Records excerpted from a collection
BEGIN
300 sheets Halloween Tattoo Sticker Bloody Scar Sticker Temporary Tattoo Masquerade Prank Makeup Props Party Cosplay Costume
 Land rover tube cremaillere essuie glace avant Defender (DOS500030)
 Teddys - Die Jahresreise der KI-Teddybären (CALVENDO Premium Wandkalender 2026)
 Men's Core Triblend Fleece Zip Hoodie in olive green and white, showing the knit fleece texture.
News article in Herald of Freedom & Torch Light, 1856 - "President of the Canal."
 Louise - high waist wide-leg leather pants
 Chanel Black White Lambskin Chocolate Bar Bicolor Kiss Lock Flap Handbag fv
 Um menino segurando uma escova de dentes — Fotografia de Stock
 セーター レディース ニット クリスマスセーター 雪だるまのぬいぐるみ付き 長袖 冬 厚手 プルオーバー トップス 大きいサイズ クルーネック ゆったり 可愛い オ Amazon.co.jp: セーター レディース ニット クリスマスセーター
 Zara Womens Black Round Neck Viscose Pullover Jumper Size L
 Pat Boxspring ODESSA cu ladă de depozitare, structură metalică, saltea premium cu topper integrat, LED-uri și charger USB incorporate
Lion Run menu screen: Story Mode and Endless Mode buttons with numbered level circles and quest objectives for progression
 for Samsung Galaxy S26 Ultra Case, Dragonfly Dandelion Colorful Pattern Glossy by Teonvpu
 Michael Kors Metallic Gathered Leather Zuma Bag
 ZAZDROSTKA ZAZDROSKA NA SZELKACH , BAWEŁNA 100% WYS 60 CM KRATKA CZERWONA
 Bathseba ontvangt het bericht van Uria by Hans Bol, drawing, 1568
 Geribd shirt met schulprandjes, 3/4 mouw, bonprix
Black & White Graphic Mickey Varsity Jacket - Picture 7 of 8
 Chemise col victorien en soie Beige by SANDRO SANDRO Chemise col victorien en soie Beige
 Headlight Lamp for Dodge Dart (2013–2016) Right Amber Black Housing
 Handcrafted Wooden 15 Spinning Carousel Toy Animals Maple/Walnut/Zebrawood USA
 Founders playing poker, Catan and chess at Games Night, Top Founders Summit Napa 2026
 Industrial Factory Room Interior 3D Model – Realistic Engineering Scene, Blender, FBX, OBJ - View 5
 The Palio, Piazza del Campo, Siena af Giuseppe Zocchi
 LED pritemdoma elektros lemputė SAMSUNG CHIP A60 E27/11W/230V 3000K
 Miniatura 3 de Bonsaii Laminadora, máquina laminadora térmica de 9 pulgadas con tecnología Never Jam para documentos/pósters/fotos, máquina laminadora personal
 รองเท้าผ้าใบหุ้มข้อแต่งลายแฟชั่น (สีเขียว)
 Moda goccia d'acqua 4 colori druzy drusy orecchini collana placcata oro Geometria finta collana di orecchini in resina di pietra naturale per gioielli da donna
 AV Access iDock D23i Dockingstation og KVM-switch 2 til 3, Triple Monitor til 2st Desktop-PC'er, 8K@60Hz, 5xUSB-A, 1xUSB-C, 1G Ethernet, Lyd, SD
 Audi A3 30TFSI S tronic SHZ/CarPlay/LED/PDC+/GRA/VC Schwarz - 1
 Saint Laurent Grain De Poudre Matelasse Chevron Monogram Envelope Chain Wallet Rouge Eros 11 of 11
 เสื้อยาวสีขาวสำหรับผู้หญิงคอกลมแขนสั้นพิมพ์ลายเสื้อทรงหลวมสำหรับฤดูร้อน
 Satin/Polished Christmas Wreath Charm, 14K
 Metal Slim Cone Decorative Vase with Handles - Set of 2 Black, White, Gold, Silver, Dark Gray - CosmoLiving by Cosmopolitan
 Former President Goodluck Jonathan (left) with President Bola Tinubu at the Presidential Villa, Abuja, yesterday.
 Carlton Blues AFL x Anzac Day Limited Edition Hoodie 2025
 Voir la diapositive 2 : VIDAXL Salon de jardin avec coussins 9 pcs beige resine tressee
END
**DESCRIPTION OF THE TASK**
Scan the lines above for "セーター レディース ニット クリスマスセーター 雪だるまのぬいぐるみ付き" and for "Zara Womens Black". Repeat exactly the line holding each of them and every line in between.

**SOLUTION FOR THIS EXERCISE**
 セーター レディース ニット クリスマスセーター 雪だるまのぬいぐるみ付き 長袖 冬 厚手 プルオーバー トップス 大きいサイズ クルーネック ゆったり 可愛い オ Amazon.co.jp: セーター レディース ニット クリスマスセーター
 Zara Womens Black Round Neck Viscose Pullover Jumper Size L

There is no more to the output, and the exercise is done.